Poeta di Orfeo e dei Magi, del cielo e del silenzio, dell’amore e del dolore, in lui coincidenti come accade nei classici, poeta che nomina Dio e gli dèi, il canto della natura e il silenzio, trova ora, nel centocinquantenario della sua nascita, un libro che sa svelarlo e esprimerne la complessa grandezza, un libro degno del suo argomento. In Rainer Maria Rilke. Luce sull’invisibile (Ares, pagine 304, euro 19,00; il libro sarà presentato oggi alle 17.30 presso il Museo Lets di Trieste. Insieme all’autrice dialogheranno Ulisse Dogà e il direttore del Lets Riccardo Cepach) Marilena Garis scrive un saggio che sin dal titolo si rivela molto più di una biografia quale l’autrice lo presenta.

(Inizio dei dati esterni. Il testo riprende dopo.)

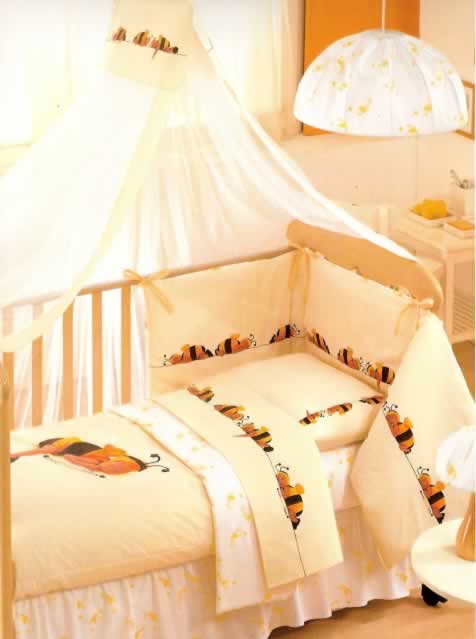 سراير للرضع lit bébé .سراير وديكورات لغرف العناية بالطفل Very-pretty-baby-nursery-bedding-Nursery-collection-by-Zambaiti-10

O forse questa è una vera biografia ideale, in cui vita e anima dell’autore indagato si compenetrano. Netta, necessaria, la cronologia come la cronaca, narrativamente calzanti i periodi e i temi scelti. Dalla nascita a Praga alle avventure di viaggio, amori, scoperte e passioni letterarie, i vagabondaggi in tante città di un vagabondo calmo, elegante e ansioso d’infinito, alla riflessione sulla natura della sua poesia, così ricca da confondere chi la accosta, dopo averlo folgorato. In Rilke, scrive l’autrice, convergono le ricchezze di diverse culture, diverse traduzioni: «La sua lirica emana l’azzurro del cielo ma parla come pietra scolpita, esprime la vertigine dell’amore terreno ma indossa il terreno variopinto e trasparente dei sogni e delle fiabe».